Assignment> Scan the records for the string "with"; copy each line where it occurs.

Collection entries

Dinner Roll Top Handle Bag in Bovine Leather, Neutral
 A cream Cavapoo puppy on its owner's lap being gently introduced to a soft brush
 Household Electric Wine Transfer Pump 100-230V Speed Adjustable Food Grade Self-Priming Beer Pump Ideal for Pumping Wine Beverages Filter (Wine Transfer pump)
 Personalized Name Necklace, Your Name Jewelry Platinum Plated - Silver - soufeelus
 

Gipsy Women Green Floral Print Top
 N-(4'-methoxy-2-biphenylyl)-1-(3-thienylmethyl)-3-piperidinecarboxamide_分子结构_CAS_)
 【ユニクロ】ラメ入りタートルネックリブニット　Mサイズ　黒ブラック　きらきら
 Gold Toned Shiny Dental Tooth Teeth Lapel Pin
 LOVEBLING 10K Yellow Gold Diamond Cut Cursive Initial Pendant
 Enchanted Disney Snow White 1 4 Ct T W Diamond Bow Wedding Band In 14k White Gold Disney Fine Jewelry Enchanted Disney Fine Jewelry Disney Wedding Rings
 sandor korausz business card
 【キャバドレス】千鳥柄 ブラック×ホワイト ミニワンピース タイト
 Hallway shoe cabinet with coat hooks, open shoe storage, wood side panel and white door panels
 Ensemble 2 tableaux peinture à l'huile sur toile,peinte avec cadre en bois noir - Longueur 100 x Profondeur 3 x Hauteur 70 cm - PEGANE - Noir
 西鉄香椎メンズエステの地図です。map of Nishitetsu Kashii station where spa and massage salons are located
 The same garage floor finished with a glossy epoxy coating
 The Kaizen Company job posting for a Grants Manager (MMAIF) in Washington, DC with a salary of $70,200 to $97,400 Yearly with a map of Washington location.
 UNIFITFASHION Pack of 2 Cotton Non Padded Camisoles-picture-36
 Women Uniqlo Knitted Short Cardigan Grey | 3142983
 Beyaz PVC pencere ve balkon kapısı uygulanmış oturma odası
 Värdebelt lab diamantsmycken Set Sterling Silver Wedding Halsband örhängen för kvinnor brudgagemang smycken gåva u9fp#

Response for this exercise>
 Hallway shoe cabinet with coat hooks, open shoe storage, wood side panel and white door panels
 The same garage floor finished with a glossy epoxy coating
 The Kaizen Company job posting for a Grants Manager (MMAIF) in Washington, DC with a salary of $70,200 to $97,400 Yearly with a map of Washington location.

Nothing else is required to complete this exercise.